Exercise:
Print the entire listing below word for word, excluding its pictures.

Information provided:
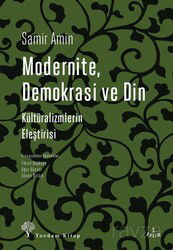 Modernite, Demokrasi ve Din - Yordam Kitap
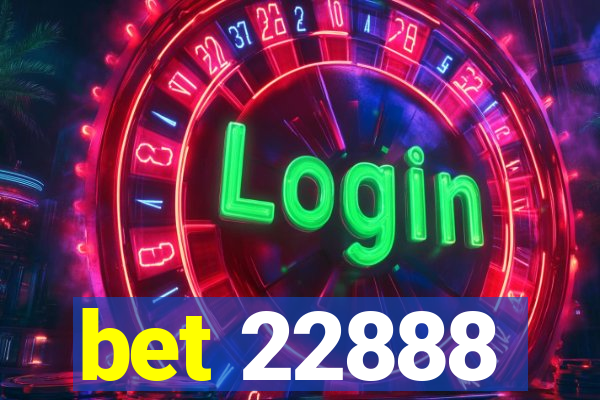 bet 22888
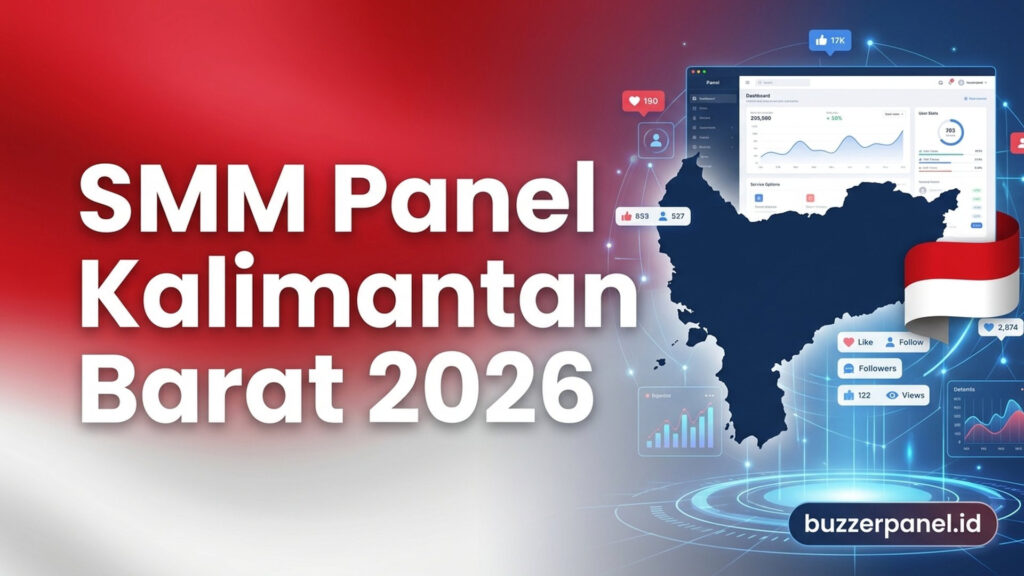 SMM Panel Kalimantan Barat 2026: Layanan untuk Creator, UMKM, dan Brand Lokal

Answer section:
 Modernite, Demokrasi ve Din - Yordam Kitap
 bet 22888
 SMM Panel Kalimantan Barat 2026: Layanan untuk Creator, UMKM, dan Brand Lokal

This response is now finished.